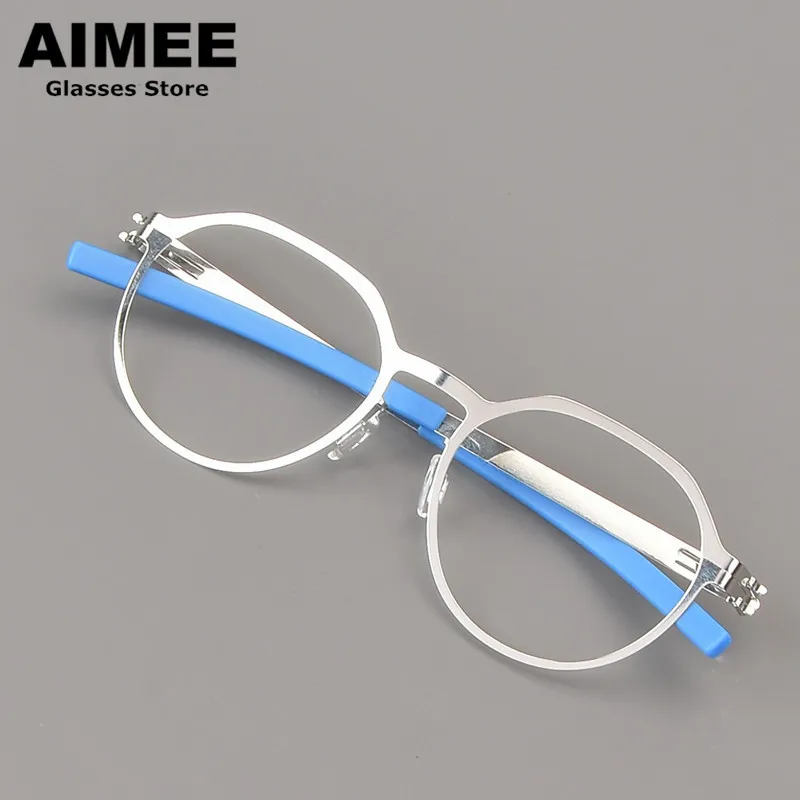 High Quality Stainless Steel Ultralight Glasses Frame German Brand Men Round Prescription Eyeglasses Women Myopia Reading Gafas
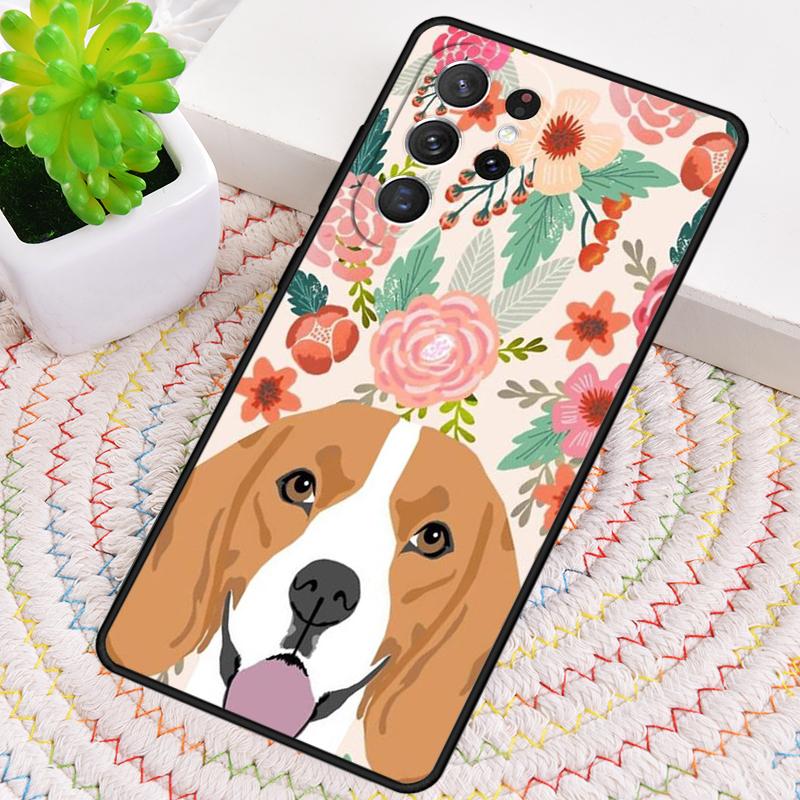 Beagle Floral Dog Phone Case for Samsung Galaxy note 10 pro S26 Ultra S23 S24 FE S25 S21 S22 PLUS shockproof Cove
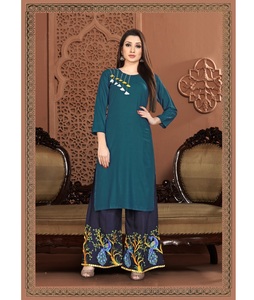 Dernier créateur de vêtements Kurti Palazzo à manches longues simple Vêtements indiens pour femmes et filles Vêtements de fête en soie brodée Travail de la pierre long - Product Image 2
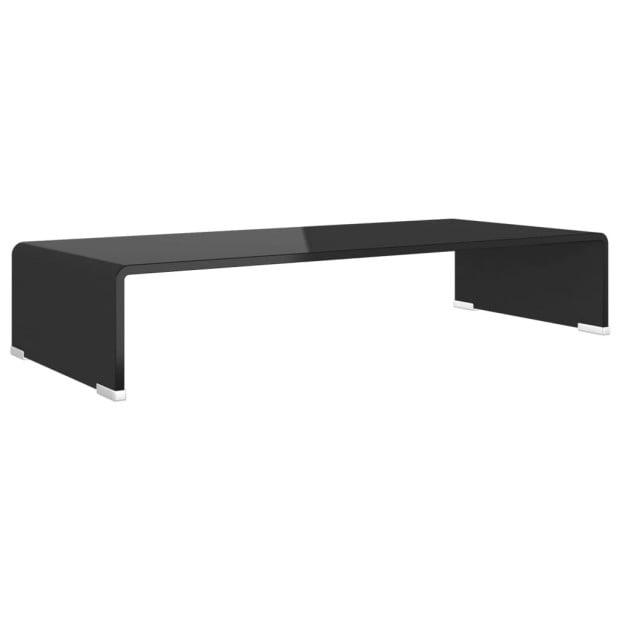Tv Stand/monitor Riser Glass Black 70x30x13 Cm Image 2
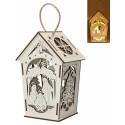 Lanterne blanche en bois 17 cm avec crèche de Noël + lumière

▸ Problem requirements:
Omit the pictures; restate every entry word for word.

▸ Answer for this exercise:
 High Quality Stainless Steel Ultralight Glasses Frame German Brand Men Round Prescription Eyeglasses Women Myopia Reading Gafas
 Beagle Floral Dog Phone Case for Samsung Galaxy note 10 pro S26 Ultra S23 S24 FE S25 S21 S22 PLUS shockproof Cove
 Dernier créateur de vêtements Kurti Palazzo à manches longues simple Vêtements indiens pour femmes et filles Vêtements de fête en soie brodée Travail de la pierre long - Product Image 2
Tv Stand/monitor Riser Glass Black 70x30x13 Cm Image 2
 Lanterne blanche en bois 17 cm avec crèche de Noël + lumière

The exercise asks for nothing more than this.